摘要:A generalized Motzkin path, called G-Motzkin path for short, of length n is a lattice path from (0, 0) to (n, 0) in the first quadrant of the xoy-plane that consists of up steps u=(1, 1), down steps d=(1, -1), horizontal steps h=(1, 0) and vertical steps v=(0, -1). An (a, b, c)-G-Motzkin path is a weighted G-Motzkin path such that the u-steps, h-steps, v-steps and d-steps are weighted respectively by 1, a, b and c. In this talk, we first focus on the enumeration of statistics “number of z-steps” for z ∈ {u, h, v, d},   “number of z1z2-steps” for z1, z2 ∈ {u, h, v, d} and “number of z-steps” at given level in G-Motzkin paths. Secondly, we give bijections between the set of uvu-avoiding (a, b, b^2)-G-Motzkin paths of length n and the set of (a, b)-Schroder paths as well as the set of (a+b, b)-Dyck paths of length 2n, between the set of {uvu, uu}-avoiding (a,b,b^2)-G-Motzkin paths of length n and the set of (a+b, ab)-Motzkin paths of length n, between the set of {uvu, uu}-avoiding (a, b, b^2)-G-Motzkin paths of length n+1 beginning with an h-step weighted by a and the set of (a, b)-Dyck paths of length 2n+2.

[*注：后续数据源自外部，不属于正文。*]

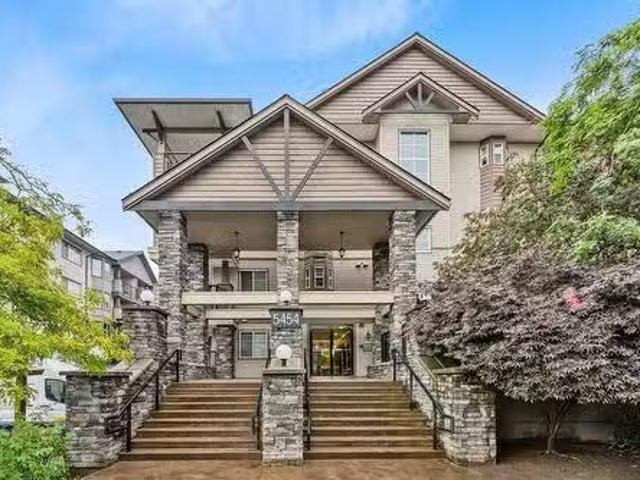 Condo for sale in Langley, British Columbia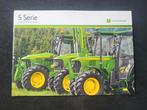Tractor folder John Deere 5 Serie, Hobby en Vrije tijd, Modelauto's | 1:32, Ophalen of Verzenden, Zo goed als nieuw, Tractor of Landbouw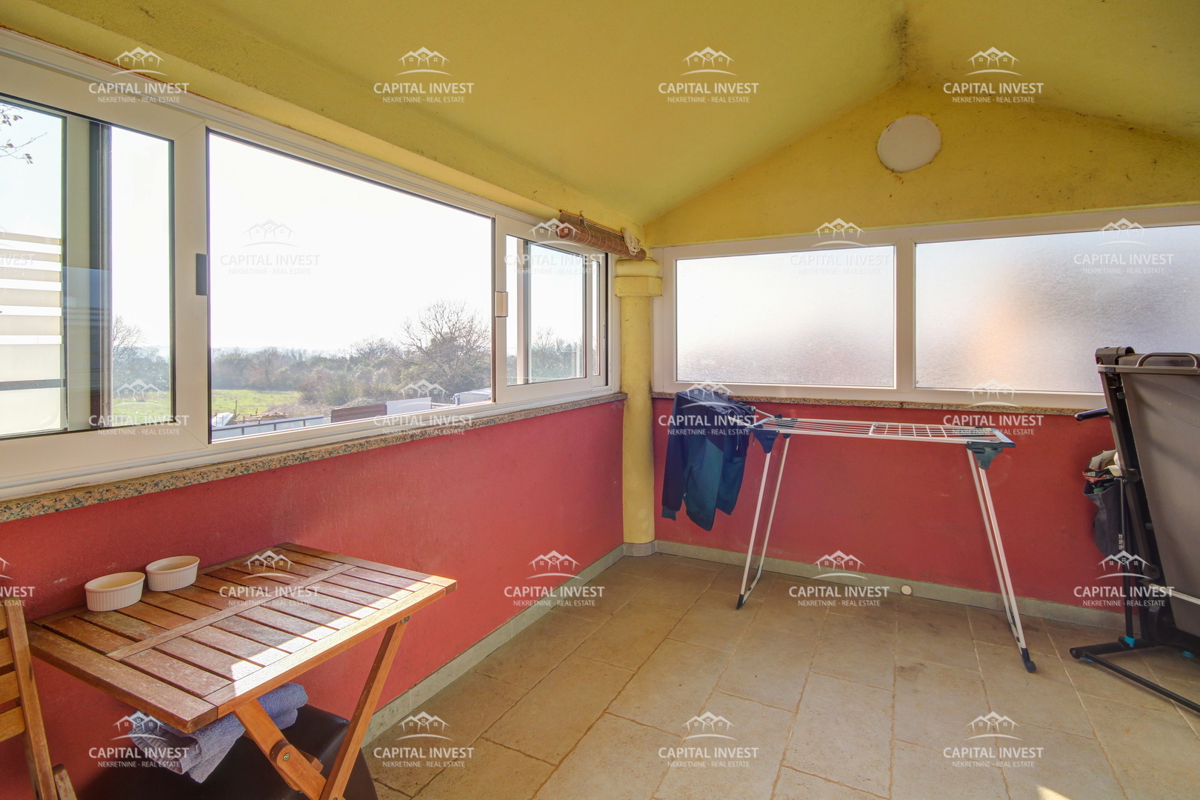 Hiša, trije stanovanji, velika zemljišče, garaža, Šišan, Istra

报告人简介:孙怡东,教授,现任大连海事大学理学院院长。先后在《European Journal of Combinatorics》、《Electronic Journal of Combinatorics》、《Discrete Mathematics》等组合数学国际知名杂志发表学术论文40余篇。主持完成国家自然科学基金项目2项,主持省部级项目多项。指导研究生荣获辽宁省优秀硕士论文2人次。2009年入选辽宁省“百千万人才工程”千层人选;2018年09月至今担任大连市数学学会副理事长,2023年10月至今担任辽宁省数学会副理事长。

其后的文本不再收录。